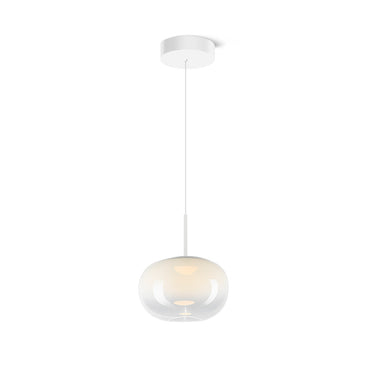 GUSH A 8W DIM WH White Hanging Lamp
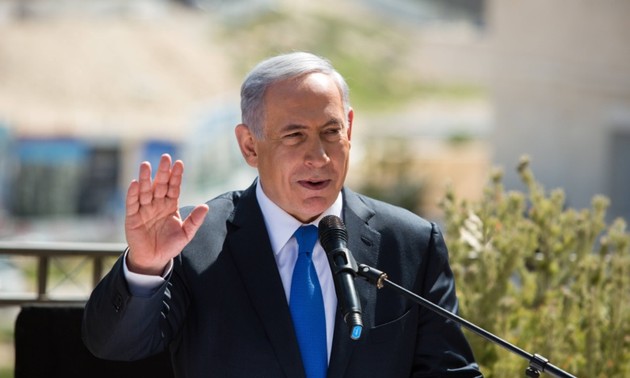 Премьер Израиля вновь подтвердил готовность признать палестинское государство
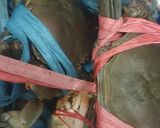 Foto langkah ke 1 dari resep Kari Kepiting.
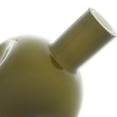 thumbnail image 3 of Home Decorative Indoor Abstract Glass Vase - Hunter Green, 3 of 6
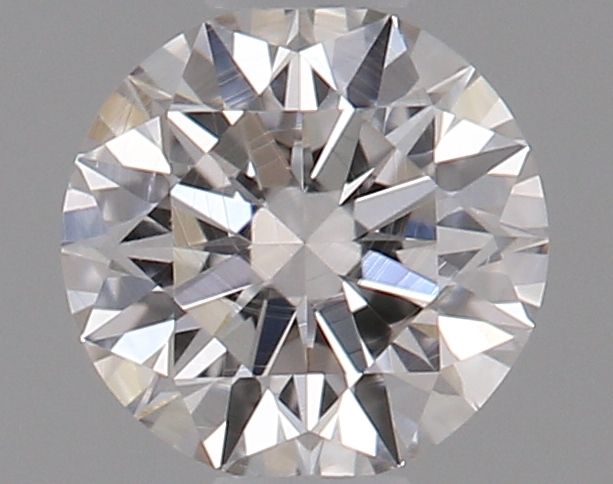 Diament 0.31 ct Faint Pinkish Brown/VVS2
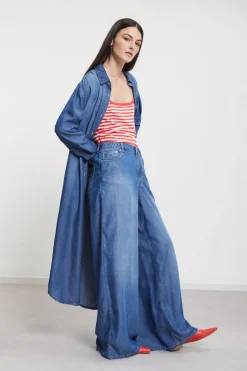 Wide Leg Jeans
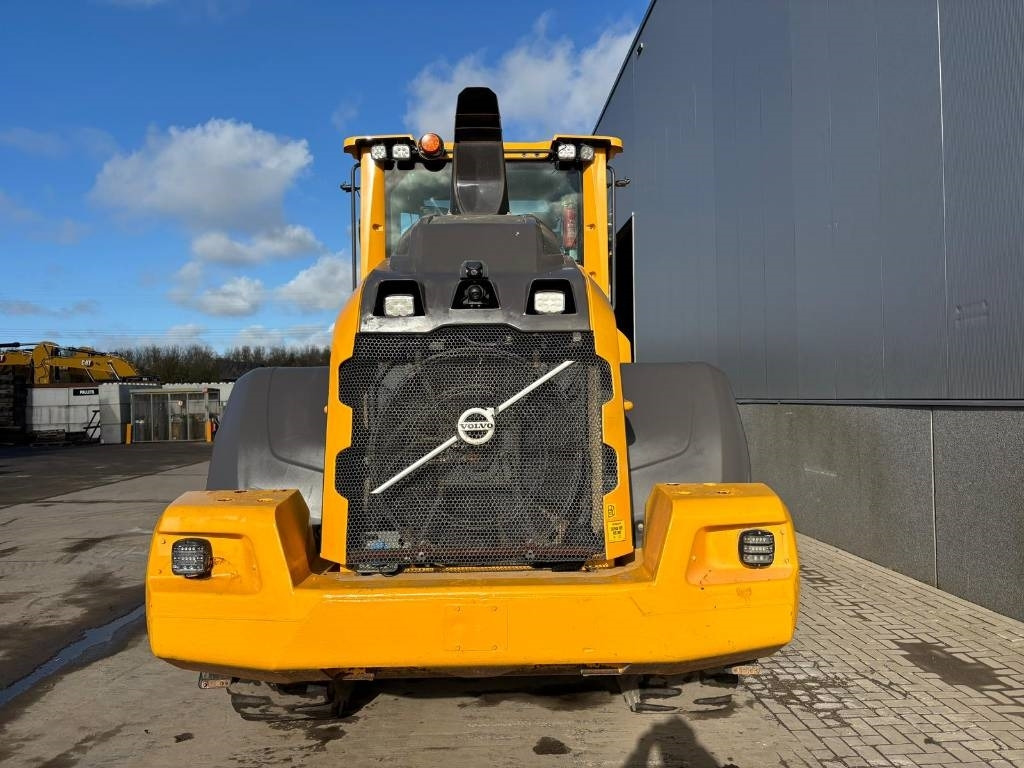 Volvo L 90 H  - 휠 로더 : 사진 4 Volvo L 90 H  - 휠 로더 : 사진 4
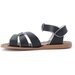 Saltwater Original Kids Sandal - Black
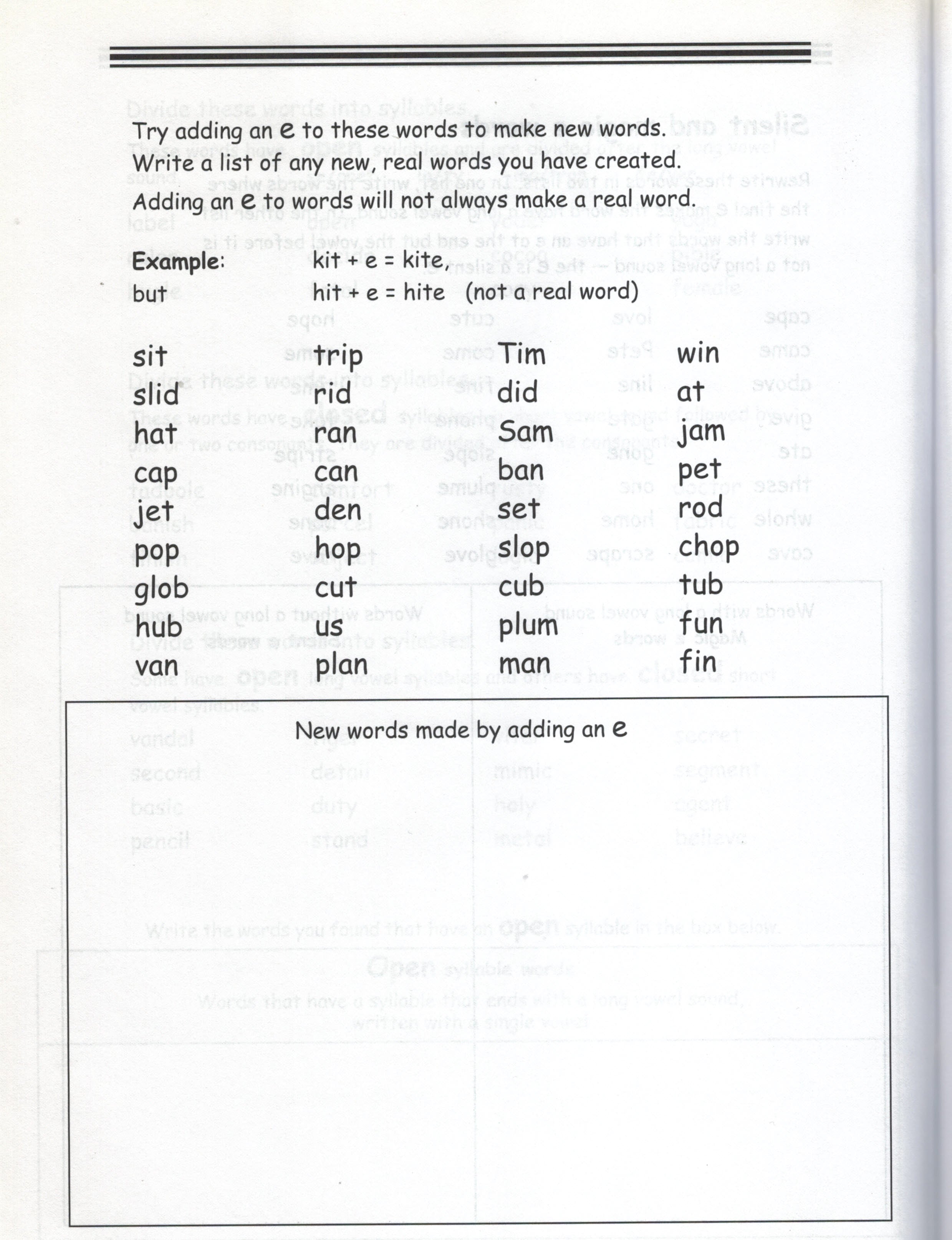 Switch on to Spelling Student Activities Book 3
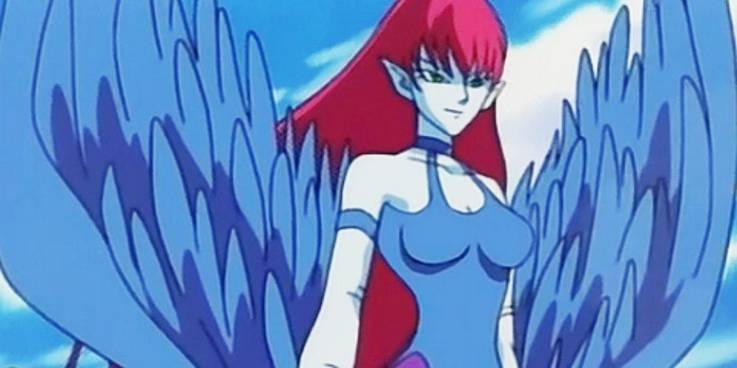 Yugioh Harpie Lady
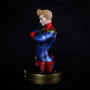 Captain Marvel Busto Captain Marvel 20 cm
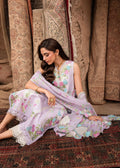Saira Shakira | Breeze Luxury Lawn | ROSE-6-B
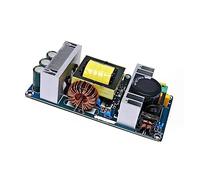 Alimentatore da banco, Scheda di alimentazione a commutazione 300W, scheda nuda del modulo di alimentazione industriale ad alta potenza, modulo AC-DC da - a 36v5a,Affidabilità(26V12A)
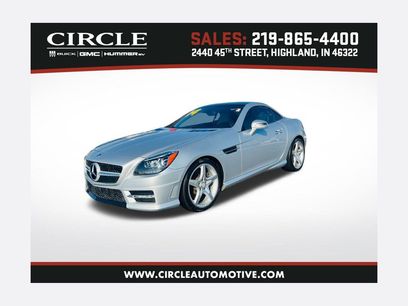 Used 2014 Mercedes-Benz SLK 250 SLK 250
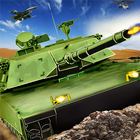Tanks for Battle -  World War Tank Fighting Games ícone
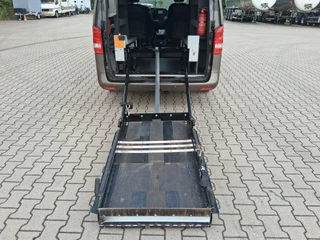 Mercedes-Benz Vito Mercedes-Benz Vito 119 CDI Extra Lang DC Comfort INVALIDE VOERTUIG|ROELSTOELLIFT|CAMERA|ELEK ACHTERKLEP 3325 ONLINE + VEILING - afbeelding nr 29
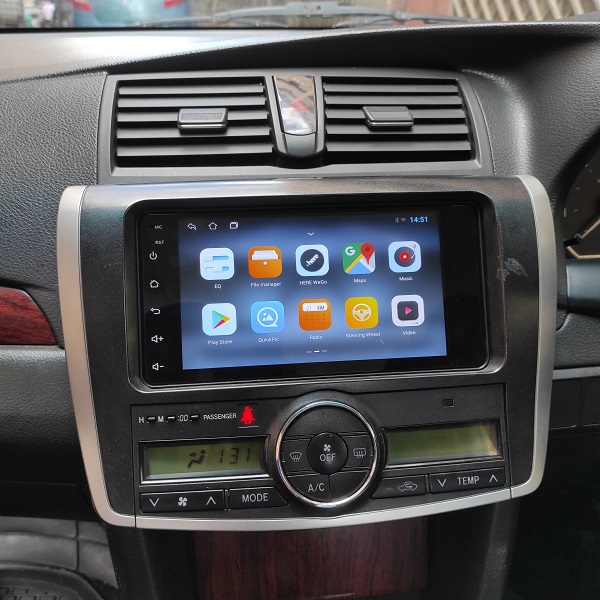 TOYOTA PREMIO ALLION 260 8 INCH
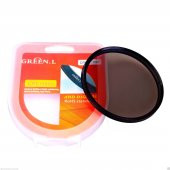 GREEN.L 62mm MC CPL POLARİZE FİLTRE dHD - 2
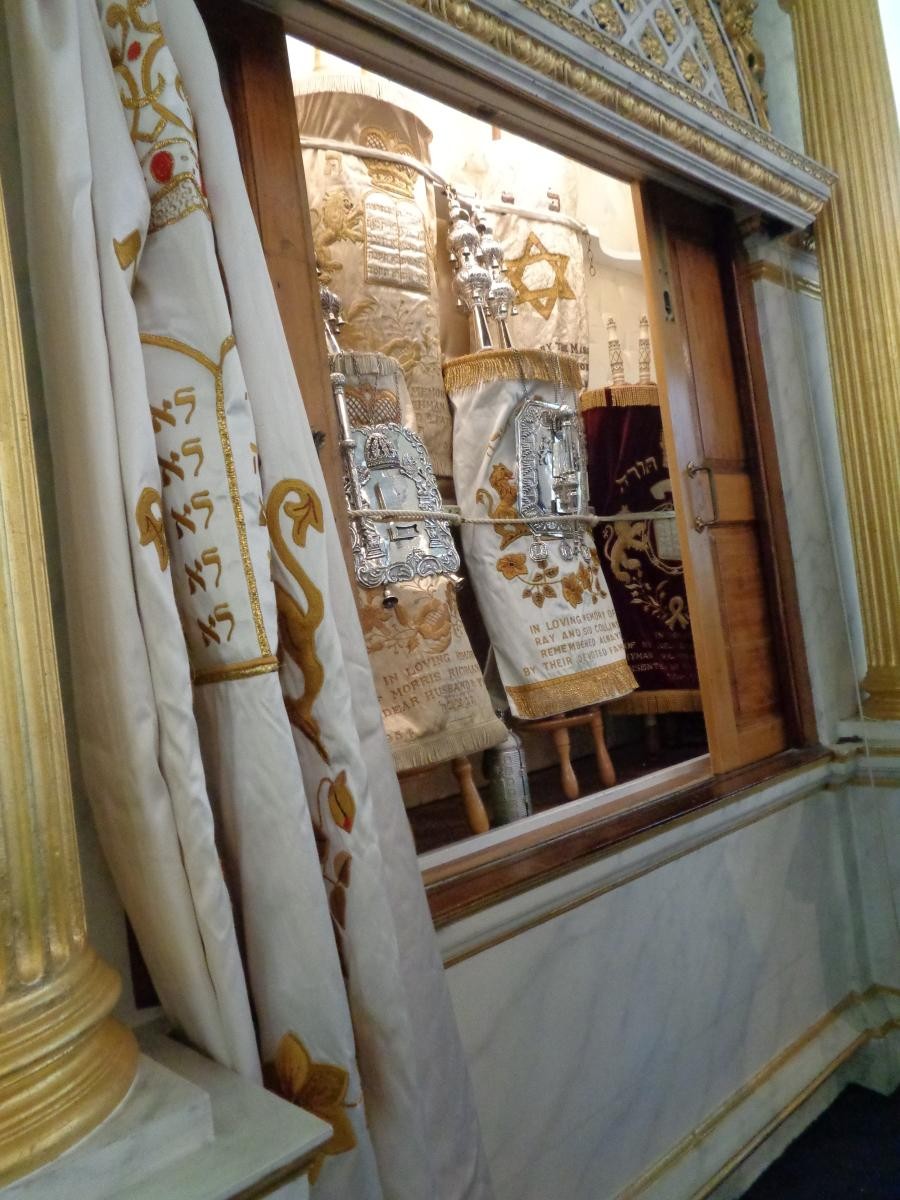 Synagogue trip October 2022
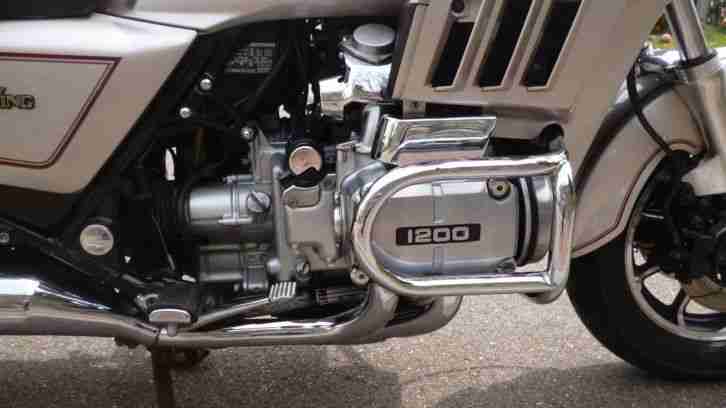 Honda Gold Wing GL 1200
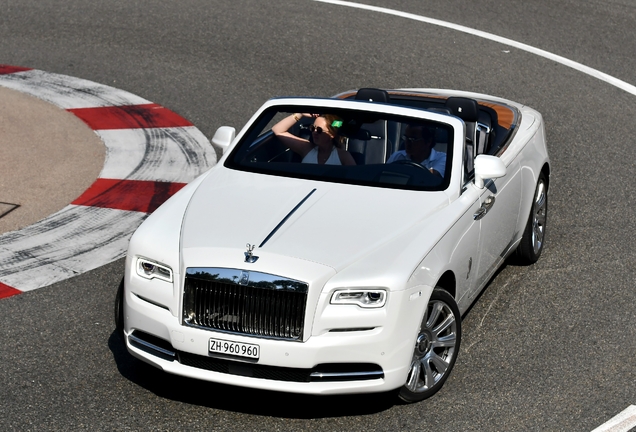 Rolls-Royce Dawn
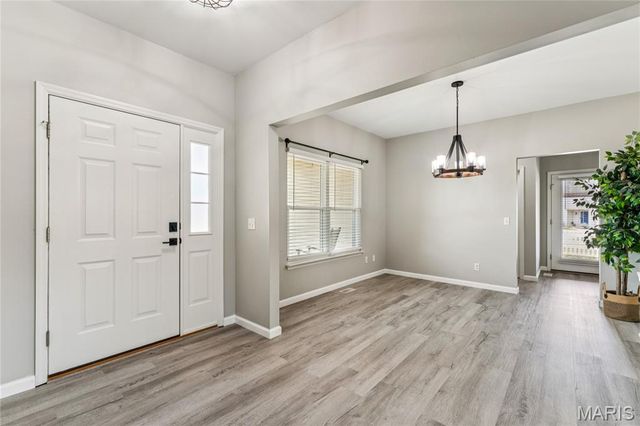 800 Mule Creek Drive, Wentzville, MO 63385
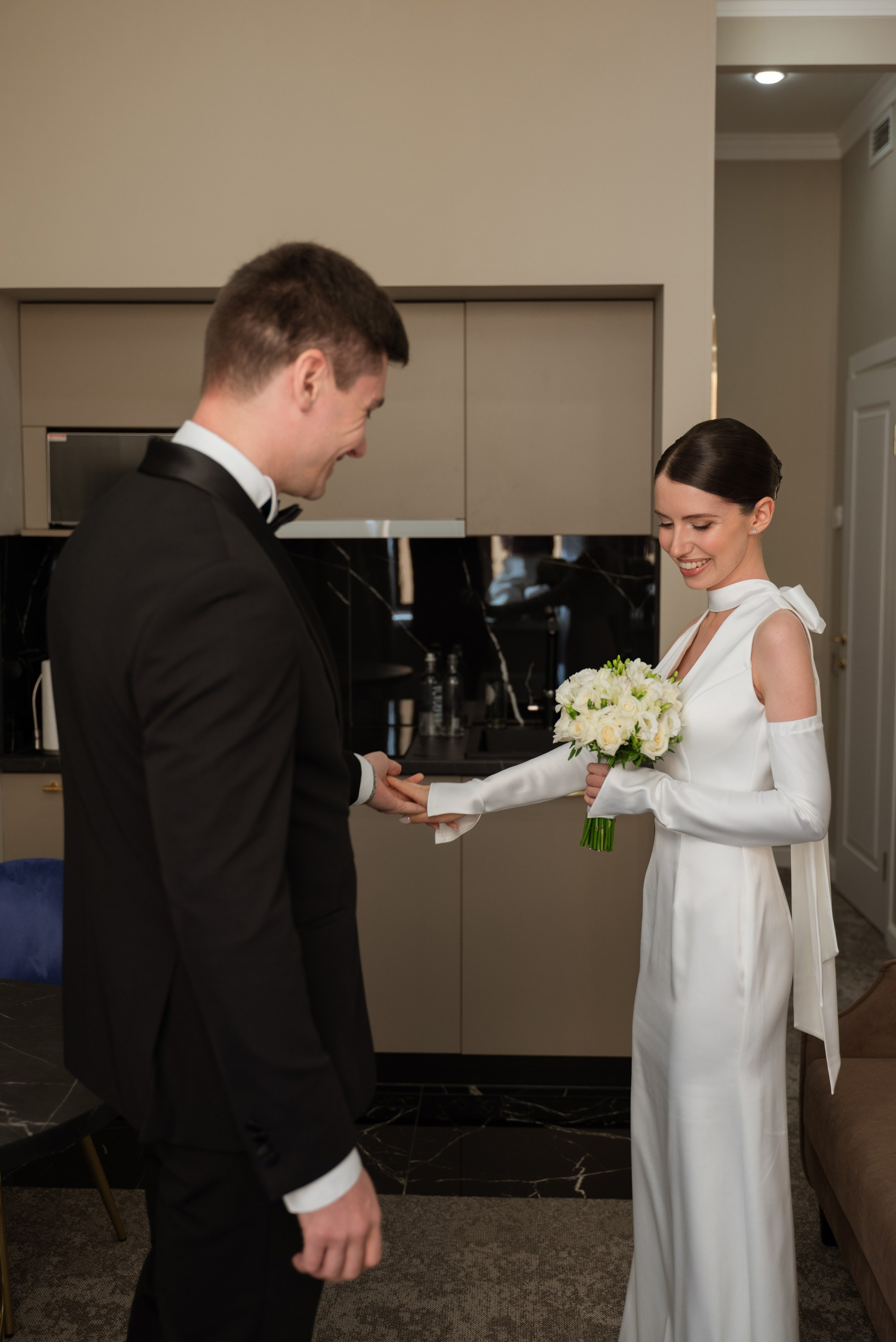 Артур и Светлана | 07.08.25. Свадебный фотограф в Санкт-Петербурге Владислава Тюльпина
=======
EXERCISE BRIEF —
What is needed is the whole listing again, exactly as written, with the images left out.

REPLY —
 GUSH A 8W DIM WH White Hanging Lamp
 Премьер Израиля вновь подтвердил готовность признать палестинское государство
 Foto langkah ke 1 dari resep Kari Kepiting.
 thumbnail image 3 of Home Decorative Indoor Abstract Glass Vase - Hunter Green, 3 of 6
 Diament 0.31 ct Faint Pinkish Brown/VVS2
 Wide Leg Jeans
 Volvo L 90 H  - 휠 로더 : 사진 4 Volvo L 90 H  - 휠 로더 : 사진 4
 Saltwater Original Kids Sandal - Black
 Switch on to Spelling Student Activities Book 3
 Yugioh Harpie Lady
 Captain Marvel Busto Captain Marvel 20 cm
Saira Shakira | Breeze Luxury Lawn | ROSE-6-B
 Alimentatore da banco, Scheda di alimentazione a commutazione 300W, scheda nuda del modulo di alimentazione industriale ad alta potenza, modulo AC-DC da - a 36v5a,Affidabilità(26V12A)
 Used 2014 Mercedes-Benz SLK 250 SLK 250
Tanks for Battle -  World War Tank Fighting Games ícone
 Mercedes-Benz Vito Mercedes-Benz Vito 119 CDI Extra Lang DC Comfort INVALIDE VOERTUIG|ROELSTOELLIFT|CAMERA|ELEK ACHTERKLEP 3325 ONLINE + VEILING - afbeelding nr 29
 TOYOTA PREMIO ALLION 260 8 INCH
 GREEN.L 62mm MC CPL POLARİZE FİLTRE dHD - 2
 Synagogue trip October 2022
 Honda Gold Wing GL 1200
 Rolls-Royce Dawn
 800 Mule Creek Drive, Wentzville, MO 63385
 Артур и Светлана | 07.08.25. Свадебный фотограф в Санкт-Петербурге Владислава Тюльпина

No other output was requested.